# Love my Graco.



## We do lines... (Apr 21, 2010)

I'm a big fan of the Graco 3900 Line Lazer.

A great day of striping. The machine never quit.

How do I put our logo in our profile?

Thanks,

Tom


----------



## Workaholic (Apr 17, 2007)

We do lines... said:


> How do I put our logo in our profile?
> 
> Tom


It looks like you already have a picture on your profile page.


----------



## nEighter (Nov 14, 2008)

In times of need.. they hire.. just look at the rig you can use!


----------



## LOSTinDETAILS (Jun 17, 2009)

Look on the bright side when you are at your lowest of low's from the lines you can always pawn it and get by for at least a couple more days.


----------



## BC_Painter (Feb 14, 2010)

and to think i was using this little rickety spraycan holder on 2 wheels.

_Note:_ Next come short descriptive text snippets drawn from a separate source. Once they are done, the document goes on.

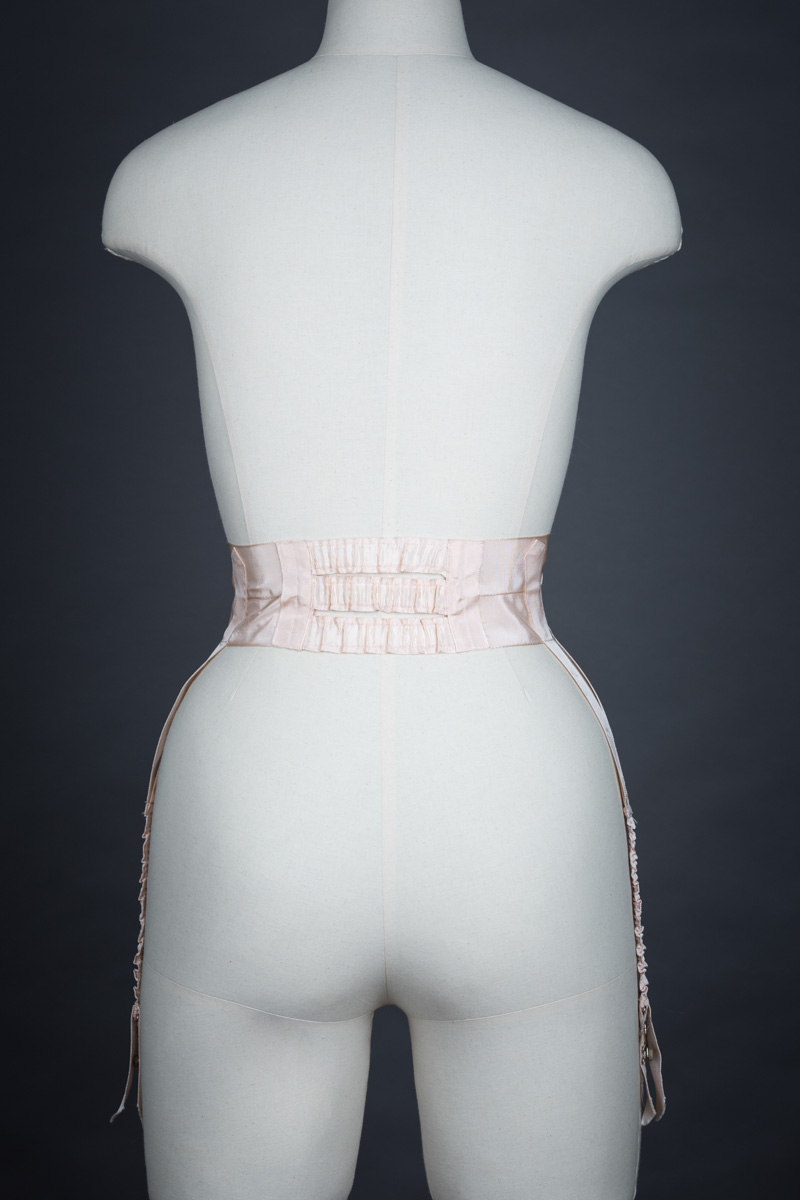 Pink Grosgrain Ribbon Suspender Belt, c. 1910s. The Underpinnings Museum. Photo by Tigz Rice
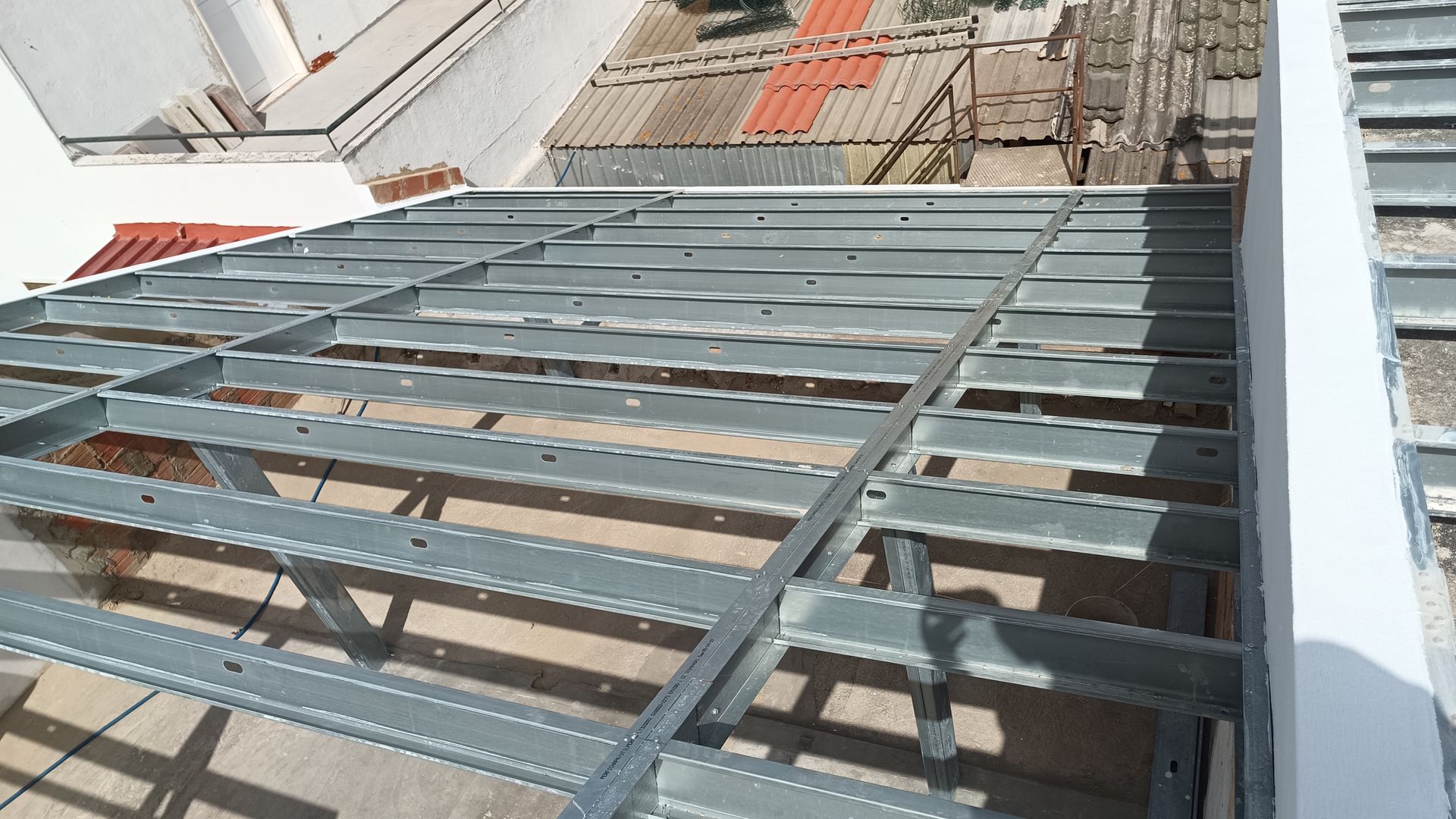 Estrutura do telhado em metal, com fileiras de vigas de aço.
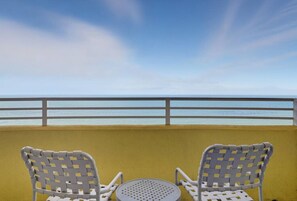 Two wicker chairs and a small round table on a balcony with a yellow wall and a railing, overlooking a beach.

Puts the can upside down.

It worked ok, but probably more expensive using cans all the time :thumbsup:


----------



## TJ Paint (Jun 18, 2009)

Looks like that would get old real fast.


----------



## WisePainter (Dec 27, 2008)

........................


----------



## Romanski (May 4, 2008)

TJ Paint said:


> Looks like that would get old real fast.


No different than scraping or sanding for weeks... at least its a change of scenery almost everyday.


----------